◆ Exercise input
[Start of Attachment]

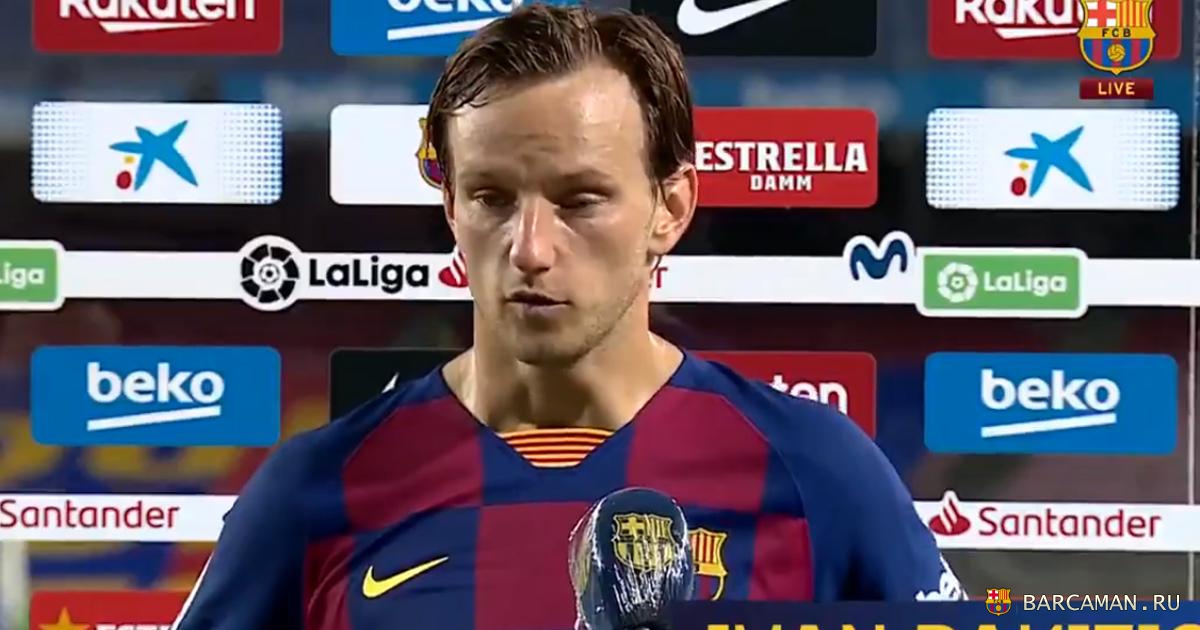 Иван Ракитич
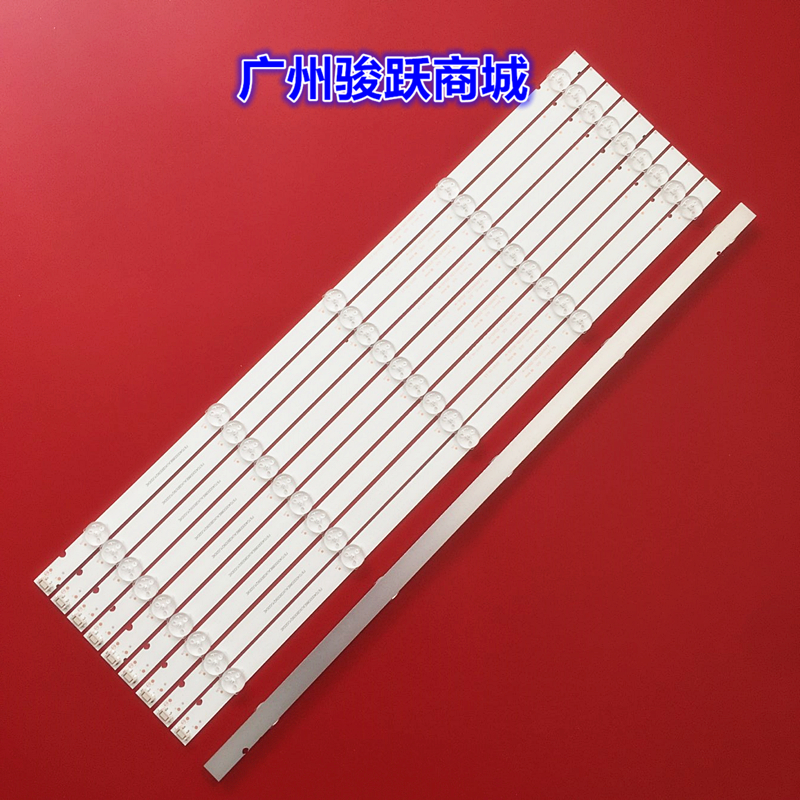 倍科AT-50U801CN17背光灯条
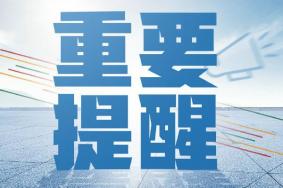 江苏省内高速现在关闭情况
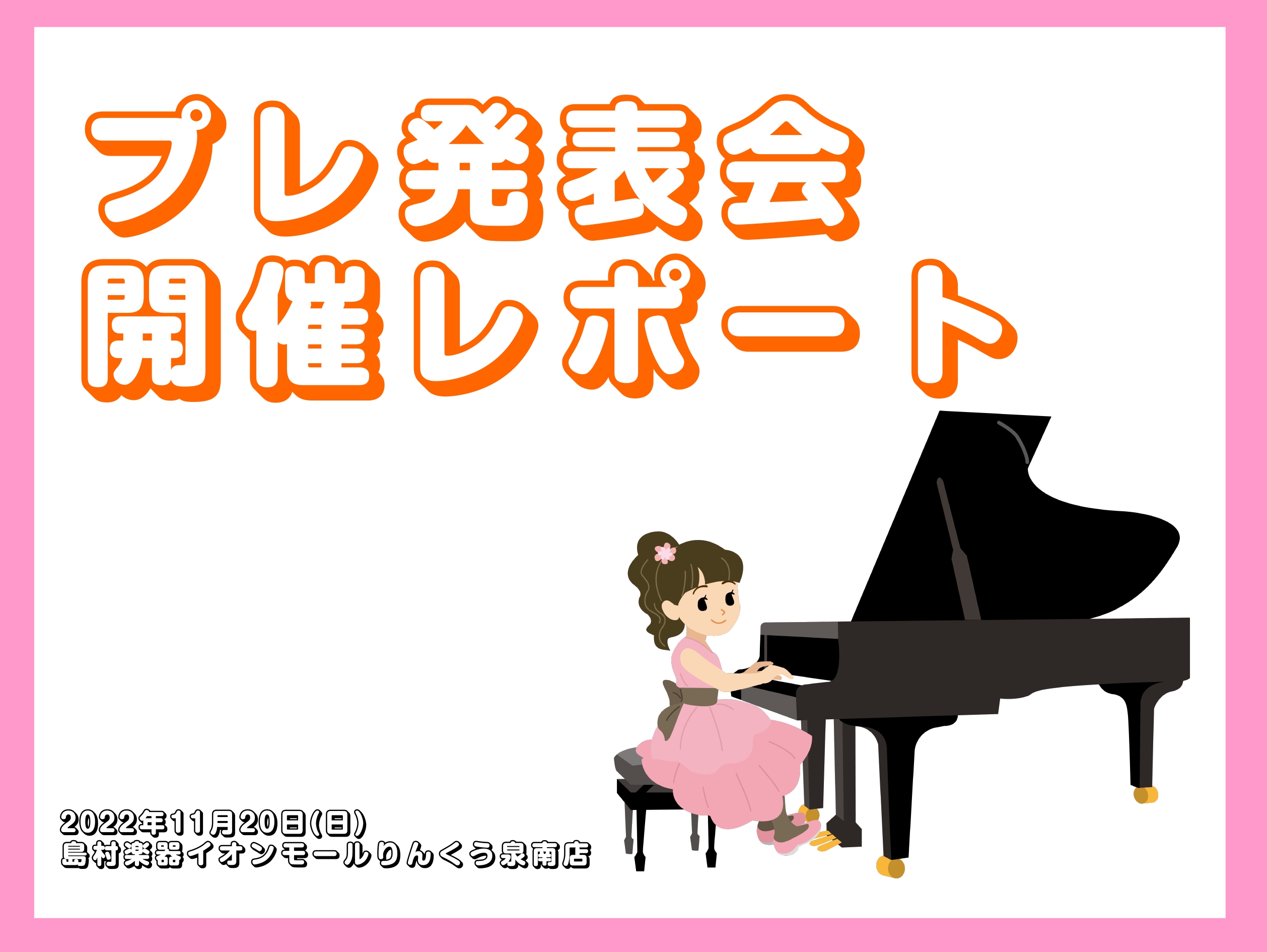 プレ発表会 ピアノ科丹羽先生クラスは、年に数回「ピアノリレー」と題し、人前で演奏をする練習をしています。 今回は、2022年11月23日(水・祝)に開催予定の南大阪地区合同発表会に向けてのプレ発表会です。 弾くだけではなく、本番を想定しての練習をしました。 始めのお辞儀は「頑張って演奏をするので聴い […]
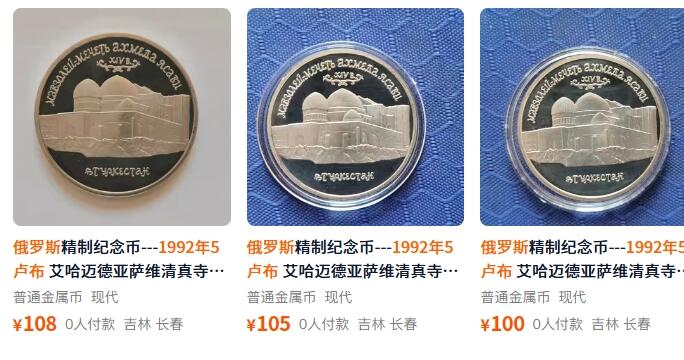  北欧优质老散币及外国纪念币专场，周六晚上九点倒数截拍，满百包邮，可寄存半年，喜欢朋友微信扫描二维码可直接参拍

[End of Attachment]
[Start of Attachment]

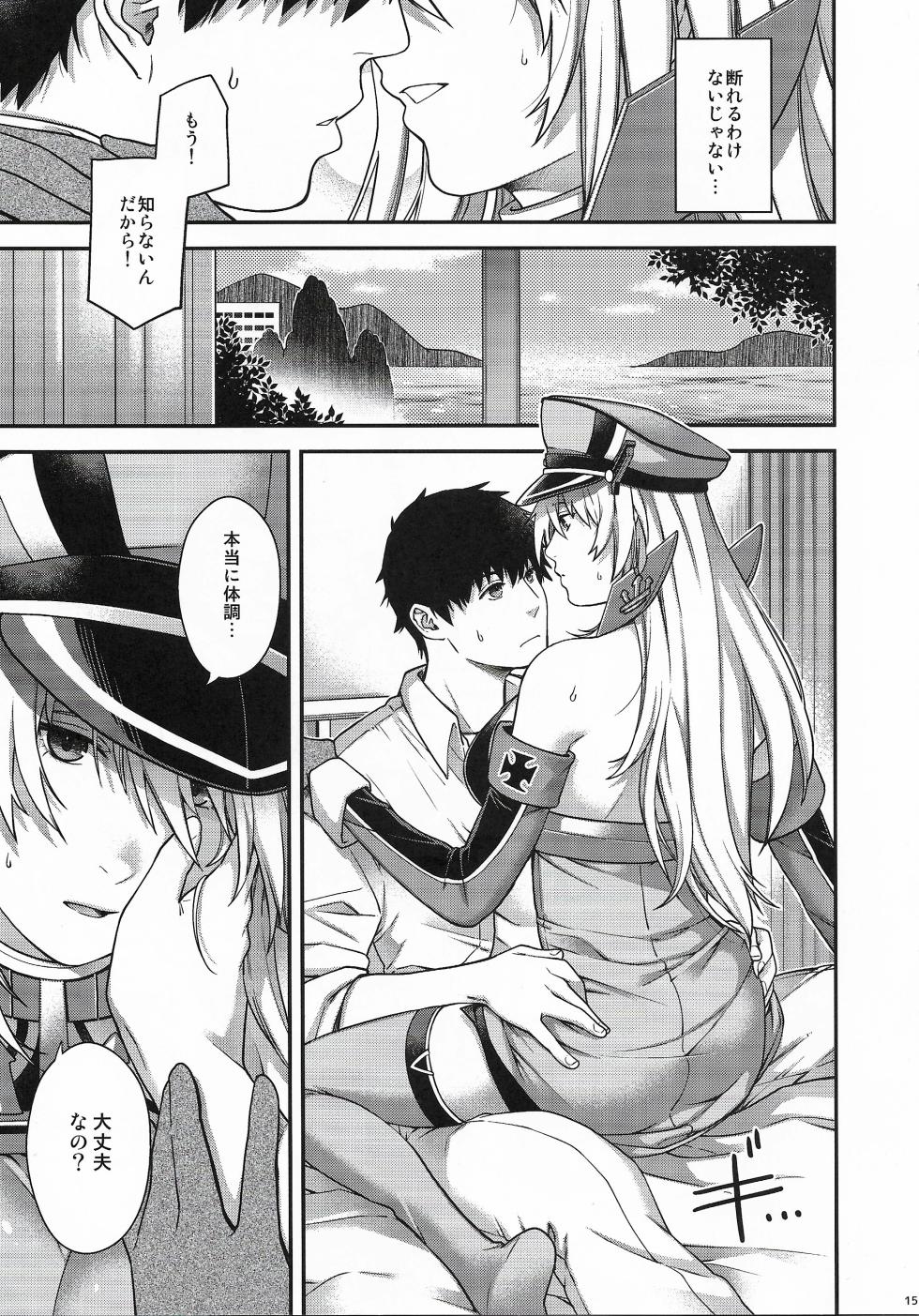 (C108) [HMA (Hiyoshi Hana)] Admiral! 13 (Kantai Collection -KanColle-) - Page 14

[End of Attachment]
[Start of Attachment]

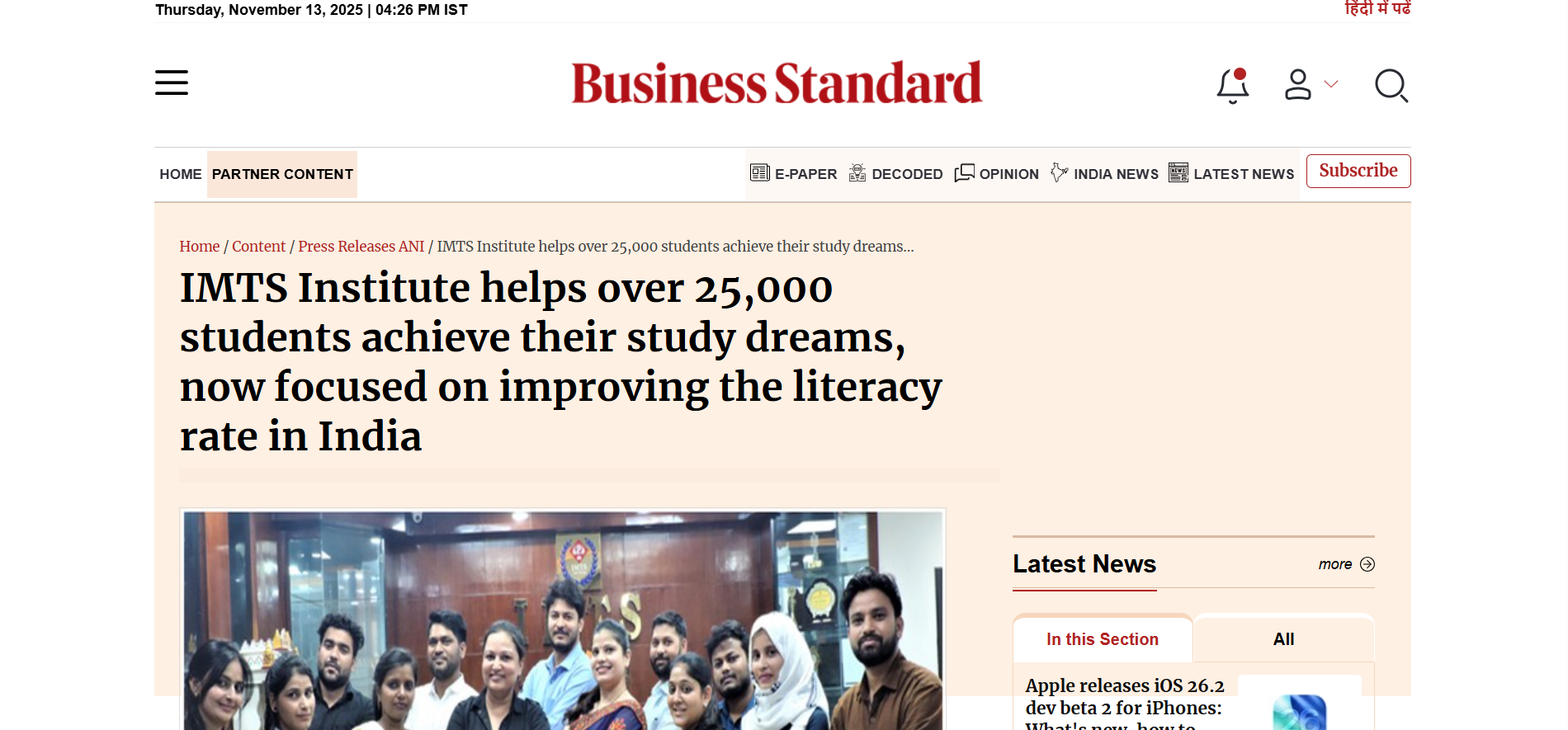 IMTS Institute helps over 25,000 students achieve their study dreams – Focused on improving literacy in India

[End of Attachment]

◆ Directions for this task
Exactly as written above, retype the lines starting at the one holding "Иван Ракитич" and ending at the one holding "北欧优质老散币及外国纪念币专", both included, but not the pictures.

◆ Task output
 Иван Ракитич
 倍科AT-50U801CN17背光灯条
 江苏省内高速现在关闭情况
 プレ発表会 ピアノ科丹羽先生クラスは、年に数回「ピアノリレー」と題し、人前で演奏をする練習をしています。 今回は、2022年11月23日(水・祝)に開催予定の南大阪地区合同発表会に向けてのプレ発表会です。 弾くだけではなく、本番を想定しての練習をしました。 始めのお辞儀は「頑張って演奏をするので聴い […]
  北欧优质老散币及外国纪念币专场，周六晚上九点倒数截拍，满百包邮，可寄存半年，喜欢朋友微信扫描二维码可直接参拍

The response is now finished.